Télé

Un personnage proche d’elle

Anne Doval

par Michèle Lemieux / 7Jours 2008-09-30 13:52:49
© Frédéric Auclair © Frédéric Auclair

Anne Dorval relève un nouveau défi en campant Natalie dans Les Parent. Pour la comédienne, ce beau rôle est arrivé à point nommé, puisqu’elle se sentait prête à changer de registre. C’est dans la peau d’une maman de trois garçons que nous la retrouvons au petit écran. Ce rôle n’est pas si loin de celui qu’elle a dans la «vraie» vie...

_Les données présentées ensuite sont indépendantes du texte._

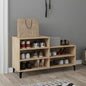 Mueble zapatero madera contrachapada gris hormigón 102x36x60 cm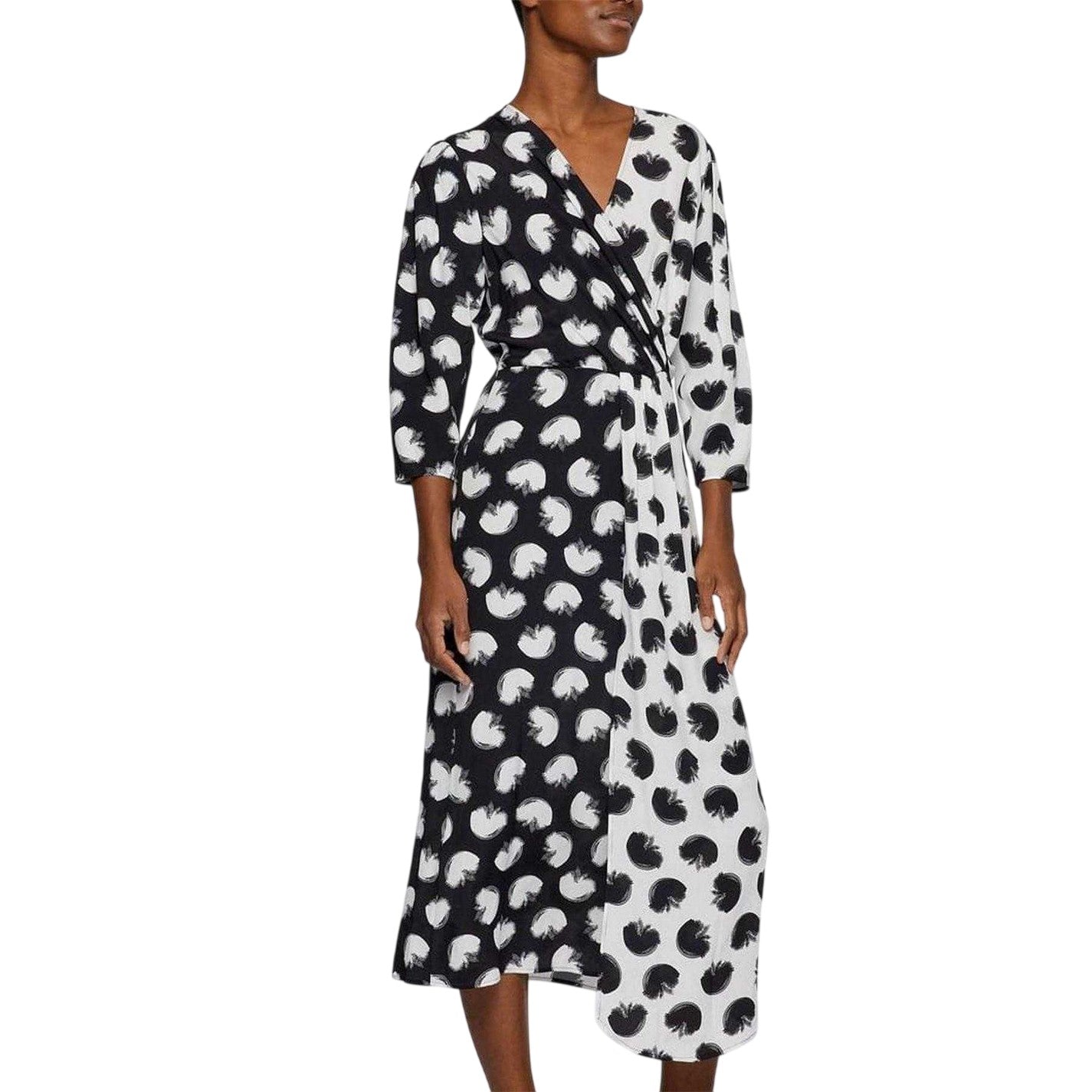 Black-White - Lifestyle - Boss Womens-Ladies Polka Dot 3-4 Sleeve Wrap Dress
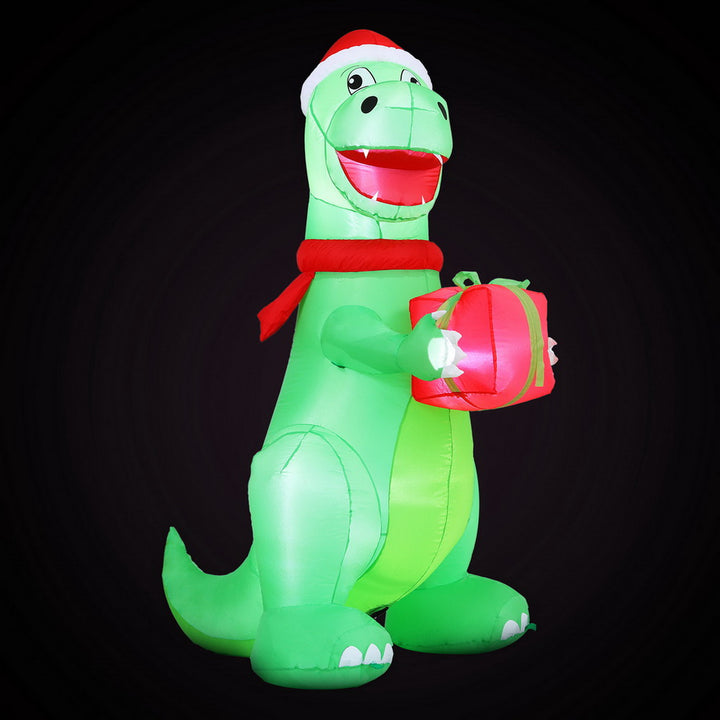 1.8M Festive Dinosaur LED Christmas Inflatable - Homecoze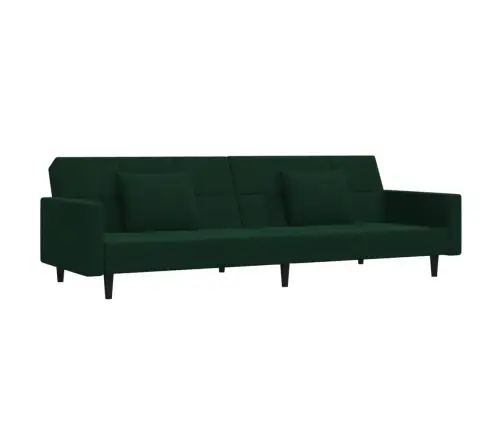 Dvivietė Sofa-Lova Su Dvejomis Pagalvėmis, Žalia, Aksomas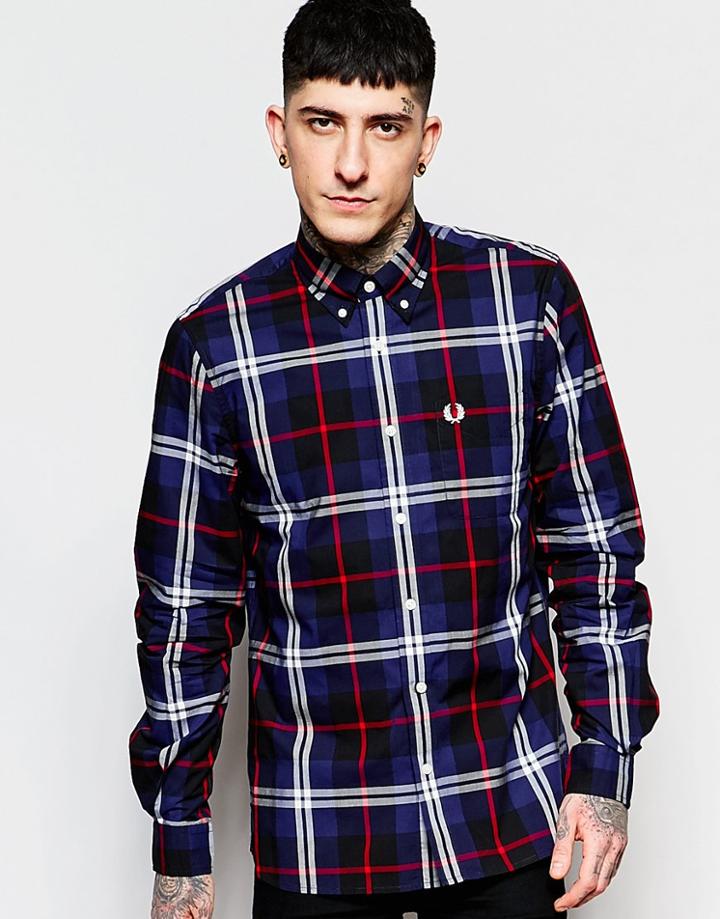 Fred Perry Shirt With Mod Check In Slim Fit - French Navy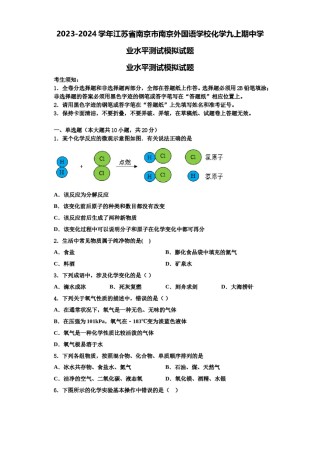 2023-2024学年江苏省南京市南京外国语学校化学九上期中学业水平测试模拟试题含解析.doc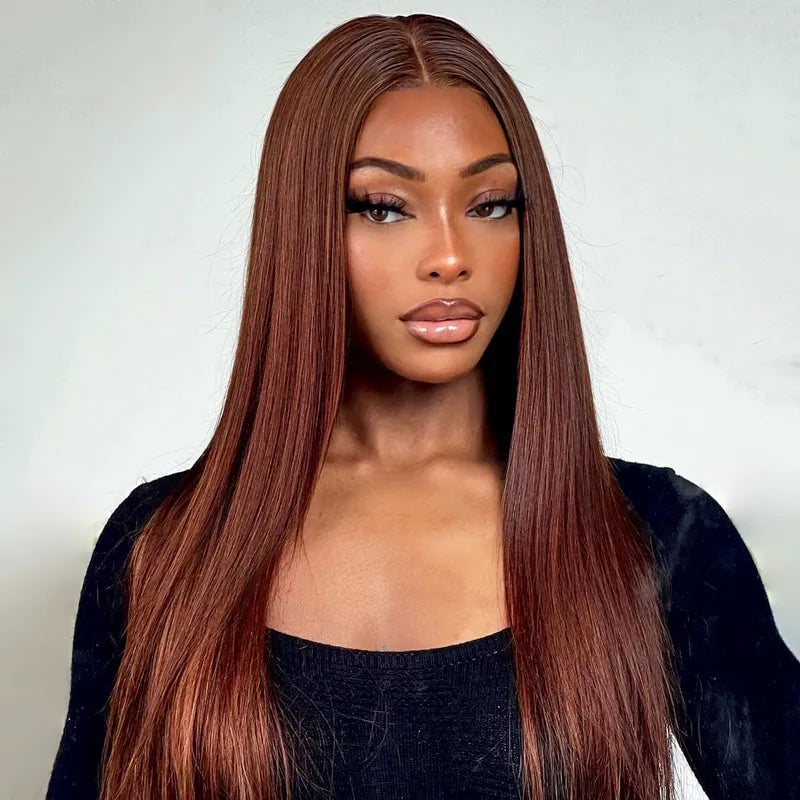 New #33 Red Brown Auburn Color Straight Human Hair Wig HD Lace 5x5/13x4 Lace Frontal Wigs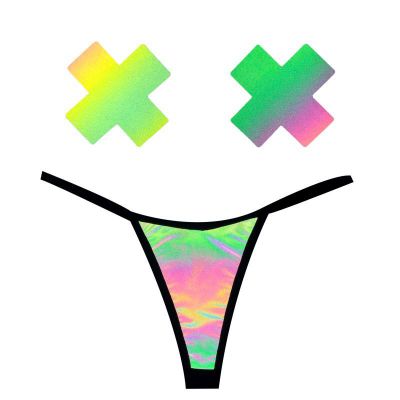 Rainbow Reflective G String X Pastie Set OS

Anne, parlez-nous de la nouvelle émission Les Parent, dans laquelle vous jouez...
Les Parent, c’est une série présentée sous la forme de petites capsules, tantôt attendrissantes, tantôt drôles. Elle met en vedette la famille Parent, qui n’est pas du tout dysfonctionnelle, mais plutôt heureuse. Natalie et son chum, Louis-Paul, s’aiment et ont trois garçons, âgés de 8, de 11 et de 14 ans. Ça brasse dans cette famille! À certains moments, les intrigues m’ont rappelé des choses que j’ai vécues. Mes enfants ont eu la même réaction. Je pense que ça amusera bien des gens.

Tout ceux qui ont fondé un foyer se reconnaîtront…
Il existe une dynamique familiale qui ne change pas, malgré les époques, car les enfants sont toujours les mêmes: ils bougent et font des crises, et les parents, qui veulent les éduquer, «pognent» les nerfs par moments. (sourire) Ce n’est pas le genre d’émission qu’on regarde en se tapant sur les cuisses tellement elle est drôle. Mais c’est attendrissant; ça présente un portrait assez fidèle de ce que peut être la vie de famille.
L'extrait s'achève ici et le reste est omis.